Le dossier du Golf Hôtel d’Abidjan, établissement historique de la lagune Ébrié, entre dans une phase de haute tension. Selon les informations recueillies par Enquête Media, une profonde fracture est apparue entre le directeur général, Georges Angaman, et ses anciens collaborateurs concernant le versement des indemnités de rupture de contrat.

Un dédommagement de 5 milliards FCFA
Le contentieux trouve son origine dans la fermeture de l’hôtel, jugée irrégulière par la justice ivoirienne. Georges Angaman, qui avait assigné la SONAPIE (Société nationale de gestion du patrimoine immobilier de l’État) devant les tribunaux, a obtenu gain de cause.
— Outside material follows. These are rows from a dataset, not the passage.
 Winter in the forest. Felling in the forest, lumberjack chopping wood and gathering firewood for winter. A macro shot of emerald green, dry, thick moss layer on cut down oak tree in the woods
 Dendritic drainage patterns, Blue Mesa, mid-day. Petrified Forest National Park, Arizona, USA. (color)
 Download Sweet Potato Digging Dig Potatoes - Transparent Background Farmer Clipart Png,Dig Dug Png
L’État a ainsi été condamné à lui verser la somme de 5 milliards FCFA en réparation du préjudice subi lors de l’éviction de sa direction.
Sur cette enveloppe globale, la SONAPIE a d’ores et déjà procédé au virement d’une première tranche de 2 milliards FCFA. Ce montant était contractuellement destiné à apurer les dettes fournisseurs et, prioritairement, à régler le solde de tout compte des employés.
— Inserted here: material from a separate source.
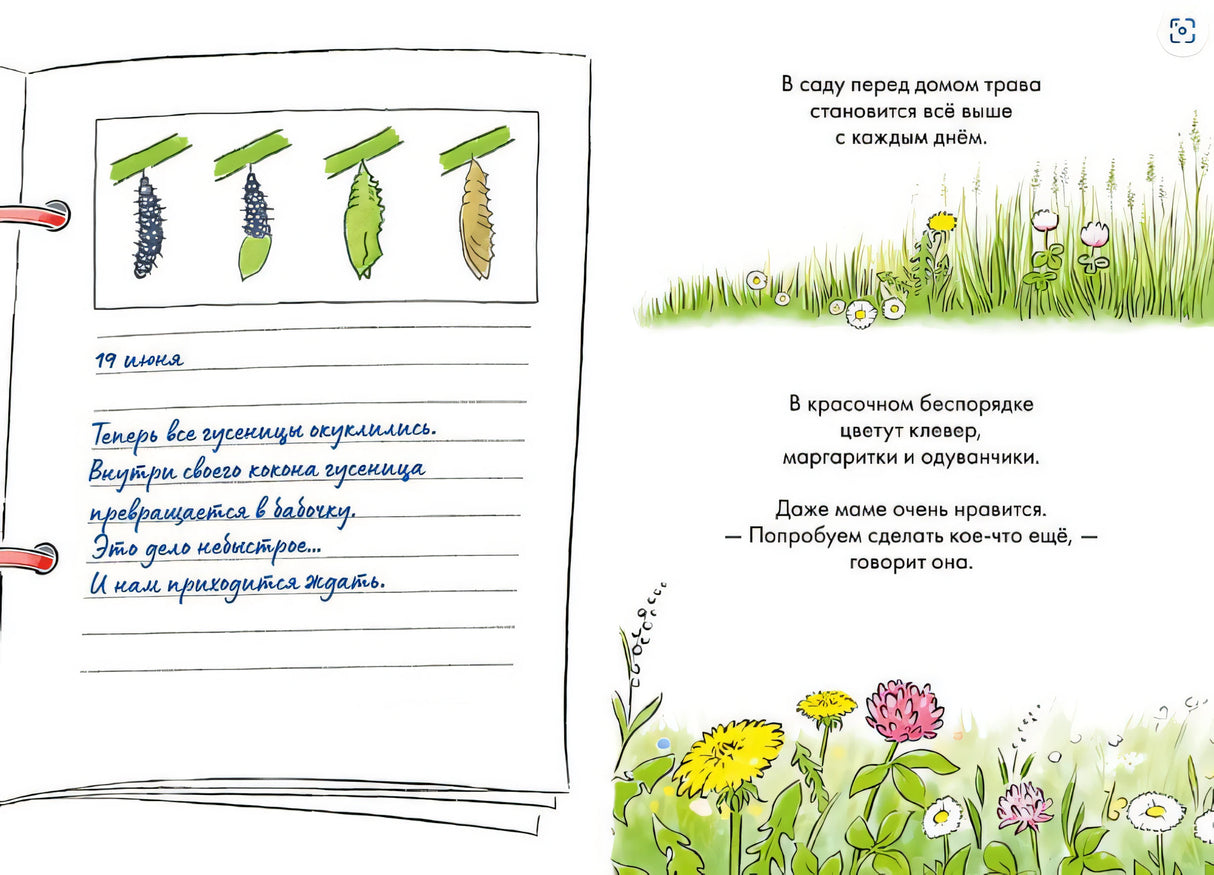 Комиксы с Конни. Дневник гусеницы 978-5-9614-8496-0 - 3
Le blocage des indemnités de licenciement
Si les arriérés de salaires, les congés et les gratifications ont été versés, le processus de paiement des indemnités de licenciement, des préavis et des mesures d’accompagnement (estimées à 24 mois de salaire par l’inspection du travail) est au point mort.
Pourtant, les calculs sont terminés. L’inspection du Travail a transmis les bulletins de paie définitifs à la direction générale pour exécution. Selon des sources internes, Georges Angaman, épaulé par son directeur administratif et financier (DAF), Hubert Coulibaly, refuserait de signer les chèques, malgré la disponibilité des fonds versés par la SONAPIE.
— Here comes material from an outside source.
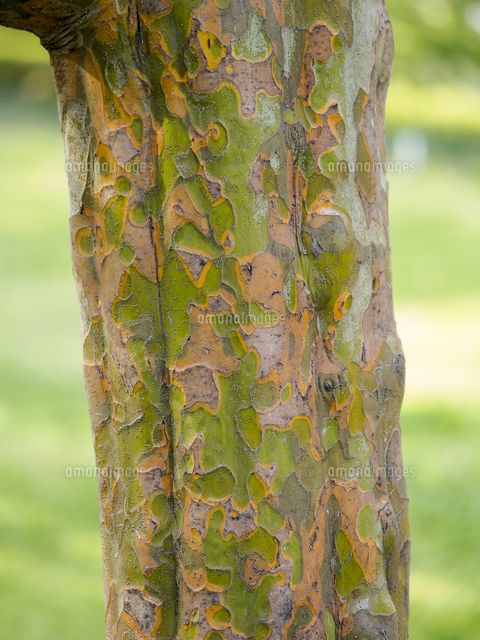 特徴的な模様が美しいの カリン の樹皮 学名 Pseudocydonia Sinensis の写真素材 イラスト 素材 アマナイメージズ 特徴的な模様が美しいの カリン の樹皮 学名 Pseudocydonia Sinensis の写真素材 イラスト 素材 アマナイメージズ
En coulisses, ce blocage est perçu par les délégués du personnel comme une stratégie de rétention de trésorerie au détriment des droits sociaux. Les ex-salariés, qui voient leur situation précarisée depuis la fermeture de l’enseigne, s’apprêtent à solliciter l’arbitrage du ministère de tutelle pour forcer la main à la direction. Pour la SONAPIE, ce dossier devient politique. L’État ne souhaite pas voir le conflit social s’envenimer alors que les fonds de dédommagement ont commencé à être décaissés.